:: Problem statement ::
Return the following from the records below: each line, word for word, starting with the line that contains "Liberal Sessions: Swinger" and going on through the line that contains "Kisah Menyentuh dari", with nothing outside that range.

:: Material for the task ::

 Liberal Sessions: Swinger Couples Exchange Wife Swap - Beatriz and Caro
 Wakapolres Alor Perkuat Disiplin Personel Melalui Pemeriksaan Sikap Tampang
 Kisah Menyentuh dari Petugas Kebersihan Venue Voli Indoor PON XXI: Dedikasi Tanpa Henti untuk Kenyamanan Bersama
--
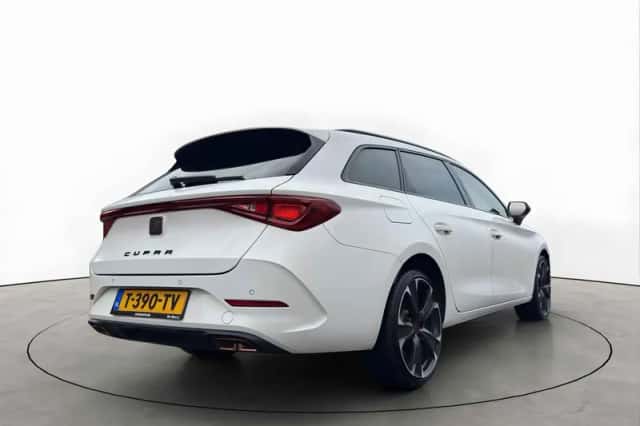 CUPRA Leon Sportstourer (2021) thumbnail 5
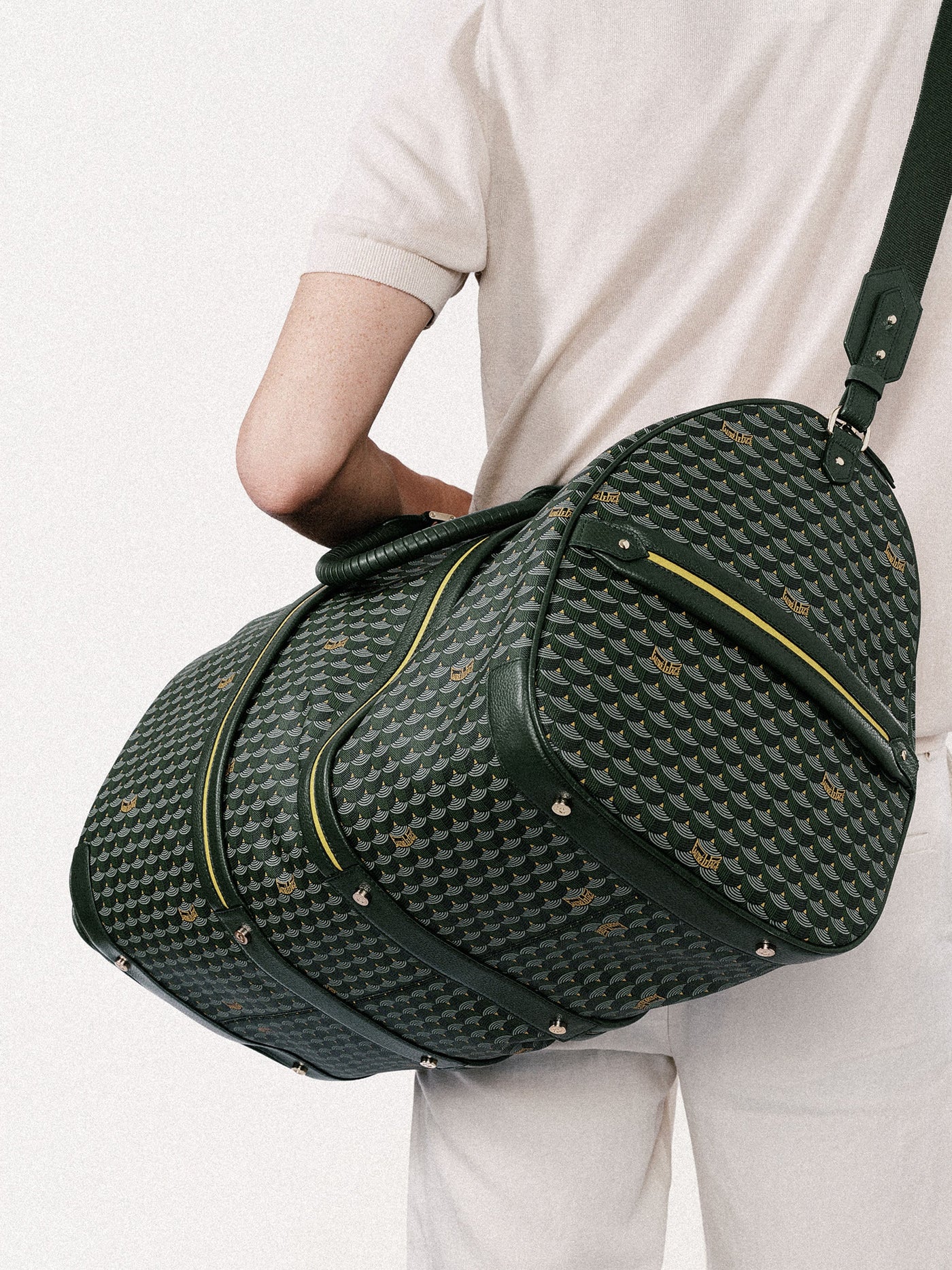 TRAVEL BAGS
--
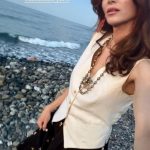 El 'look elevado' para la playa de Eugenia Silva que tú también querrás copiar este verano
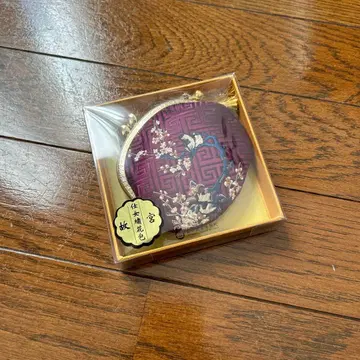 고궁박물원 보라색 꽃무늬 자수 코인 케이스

:: Solution for this exercise ::
 Liberal Sessions: Swinger Couples Exchange Wife Swap - Beatriz and Caro
 Wakapolres Alor Perkuat Disiplin Personel Melalui Pemeriksaan Sikap Tampang
 Kisah Menyentuh dari Petugas Kebersihan Venue Voli Indoor PON XXI: Dedikasi Tanpa Henti untuk Kenyamanan Bersama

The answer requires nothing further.